I'd refrain from publishing this as a library, and I'd like to put in a note of caution as Newton's method is susceptible to numerical issues, some related to the functions, others related to degenerate floating point issues and may not converge. It has been working for me tested for days running on it, but there is no assurance that it'd always converge for all values. Hence, you'd need to test it yourself if you want to use it. i.e. this is possibly not safe to use in a safety related context. e.g. if you use it as input to a feedback loop, if it stalls in the loop, you could possibly imagine your heater going to very high temperatures possibly causing fires while it goes in an infinite loop and don't converge, providing no temperature values to the app. However, Newton's method is known to be a fast converging solver if it finds a solution.

This would possibly run on other lines e.g. those without an FPU, but likely slower.

#### ag-123

Joined Apr 28, 2017
61
For reasons, I'm not sure, the results I've got hasn't been great with LMT86 on stm32f401.
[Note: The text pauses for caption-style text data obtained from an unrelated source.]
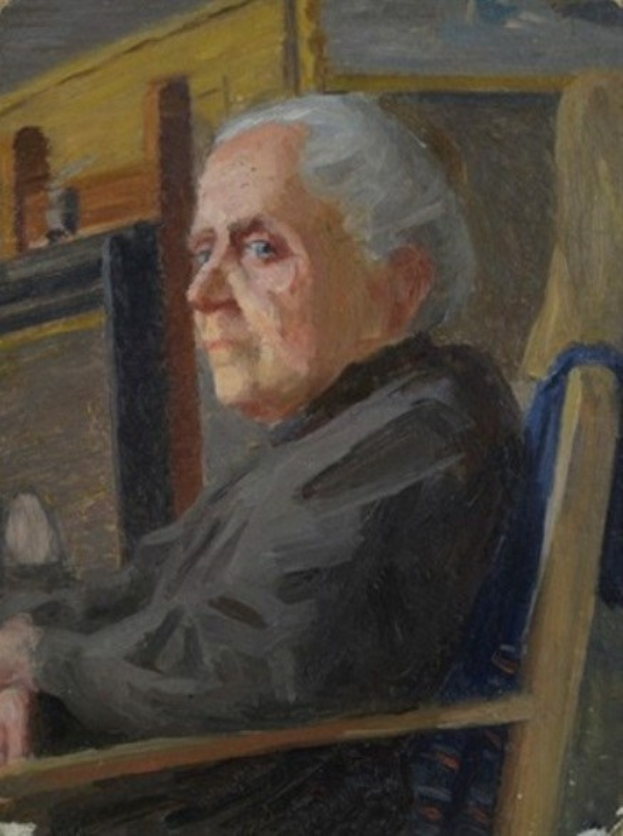 Ein alter Mann in einem weißen Hemd und dunklen Hosen sitzt friedlich in einem Stuhl mit geschlossenen Augen und Händen auf den Armlehnen vor einer einfachen Wand.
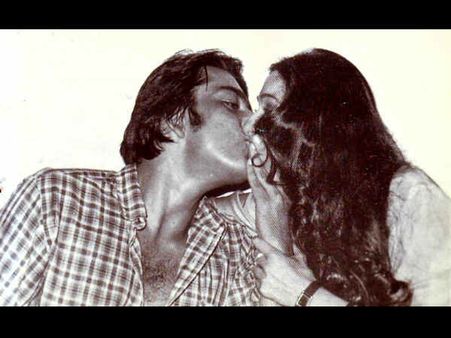 गर्लफ्रेंड के साथ संजय दत्त की ऐसी तस्वीरें, आपने पहले नहीं देखी होंगी, Shocking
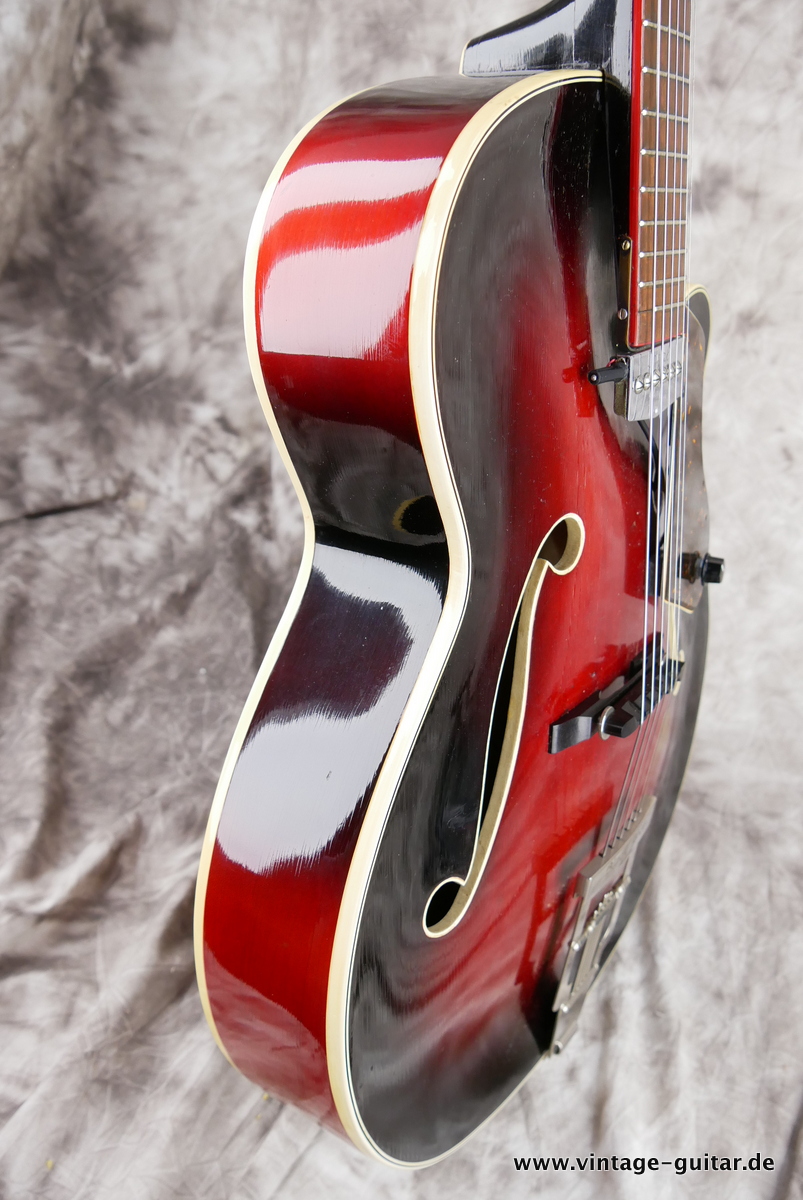 img/vintage/4301/Framus_Black_Rose_Deluxe_red_burst_1953-005.JPG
LMT86 https://www.ti.com/product/LMT86

I'm seeing temperature values like this, it is room temperature and nothing changed:

600 values of temperature readings, 1 sample / s

I've had to discard about 100 values > +/- 0.5 sigma (standard deviation) from the mean to get this

~500 values with values outside +/- 0.5 sigma removed

now the mean temperature is 31.3 deg C, sigma 0.22

using 95% confidence interval about 2 sigma, this gives the temperature sensor accuracy about +/- 0.45 that is in line with the specs

https://www.ti.com/lit/gpn/lmt86

This result is rather poor, especially with the unfiltered results.

It is possibly not good enough for safety or accuracy critical use

I'm still puzzled with the wide variations in values, and I'm not sure what is causing it.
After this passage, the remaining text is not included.